> Required action: Repeat each entry exactly; omit all pictures.

> Dataset content:
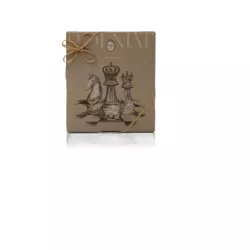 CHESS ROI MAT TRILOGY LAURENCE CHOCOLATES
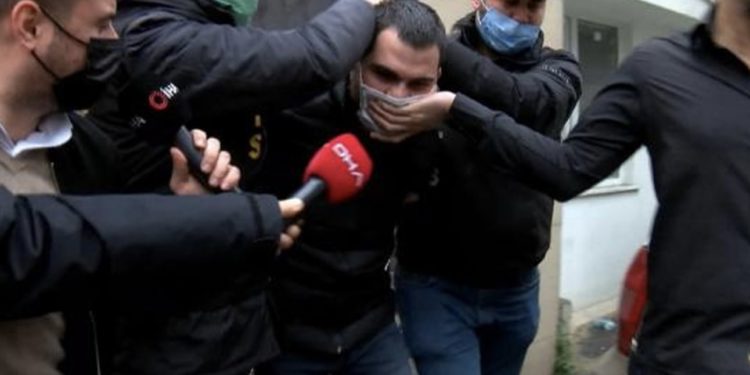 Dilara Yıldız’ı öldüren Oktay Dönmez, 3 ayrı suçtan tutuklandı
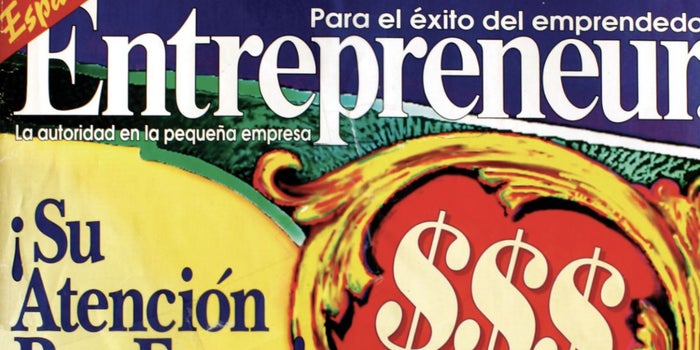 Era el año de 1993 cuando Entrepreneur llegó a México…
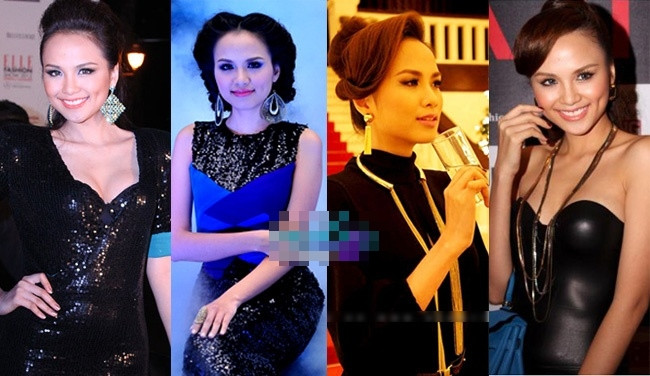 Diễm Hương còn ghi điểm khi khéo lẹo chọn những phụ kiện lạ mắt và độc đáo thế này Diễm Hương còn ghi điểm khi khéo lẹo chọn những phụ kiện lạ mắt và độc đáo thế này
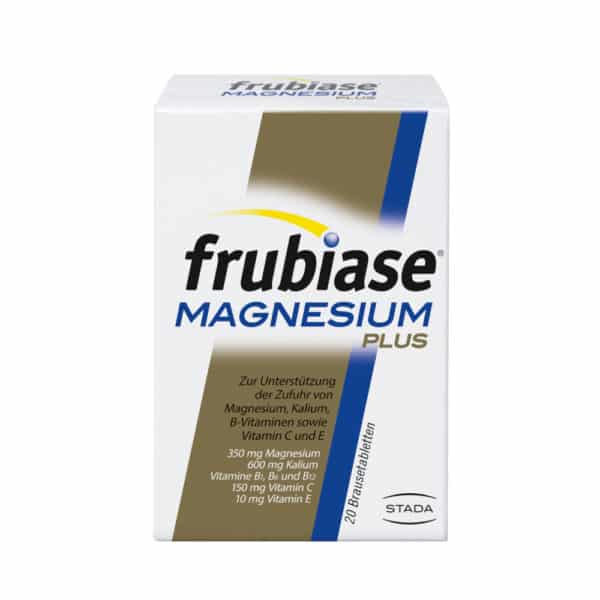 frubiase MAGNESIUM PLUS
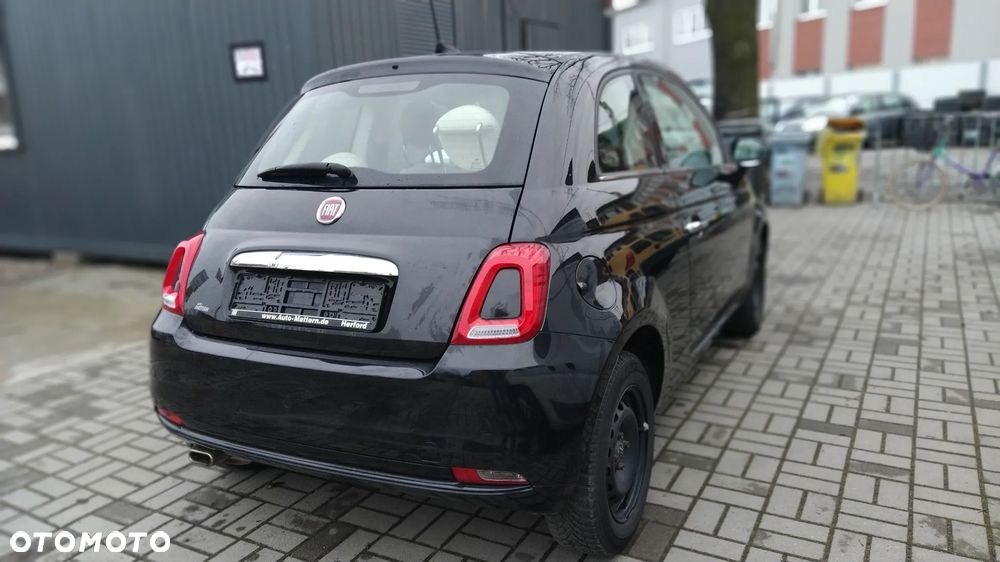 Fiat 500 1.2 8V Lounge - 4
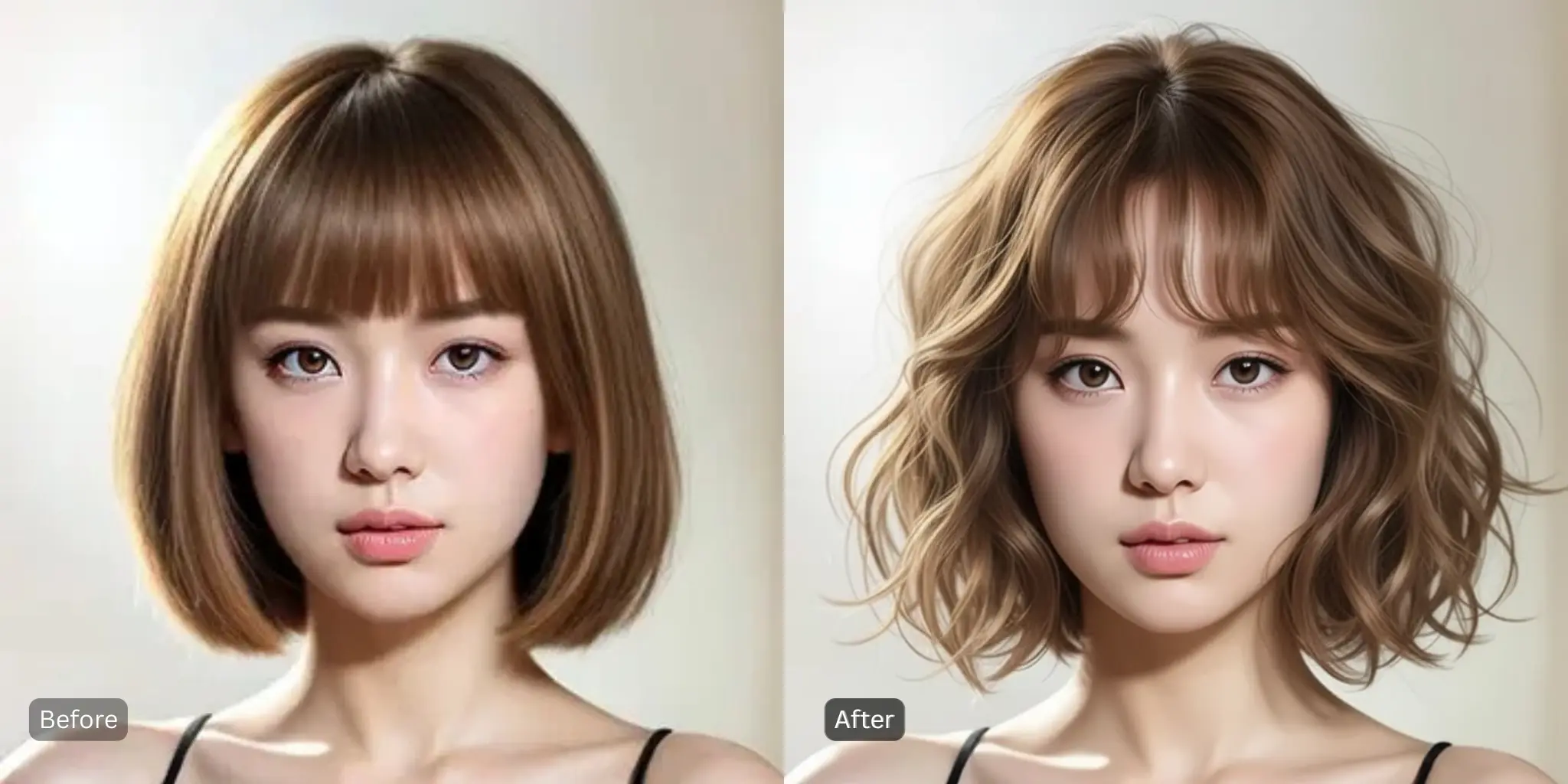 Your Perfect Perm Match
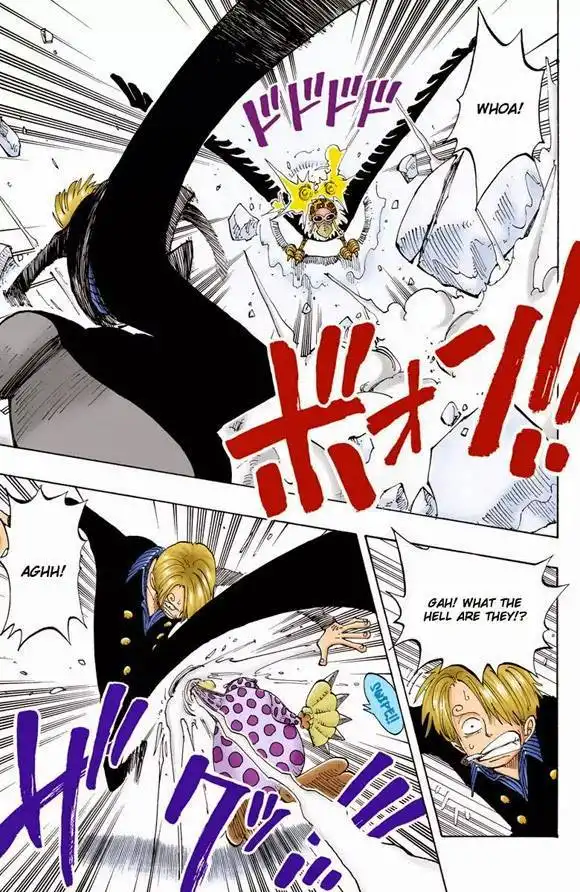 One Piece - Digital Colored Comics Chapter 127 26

> Written solution:
 CHESS ROI MAT TRILOGY LAURENCE CHOCOLATES
 Dilara Yıldız’ı öldüren Oktay Dönmez, 3 ayrı suçtan tutuklandı
 Era el año de 1993 cuando Entrepreneur llegó a México…
 Diễm Hương còn ghi điểm khi khéo lẹo chọn những phụ kiện lạ mắt và độc đáo thế này Diễm Hương còn ghi điểm khi khéo lẹo chọn những phụ kiện lạ mắt và độc đáo thế này
 frubiase MAGNESIUM PLUS
 Fiat 500 1.2 8V Lounge - 4
 Your Perfect Perm Match
 One Piece - Digital Colored Comics Chapter 127 26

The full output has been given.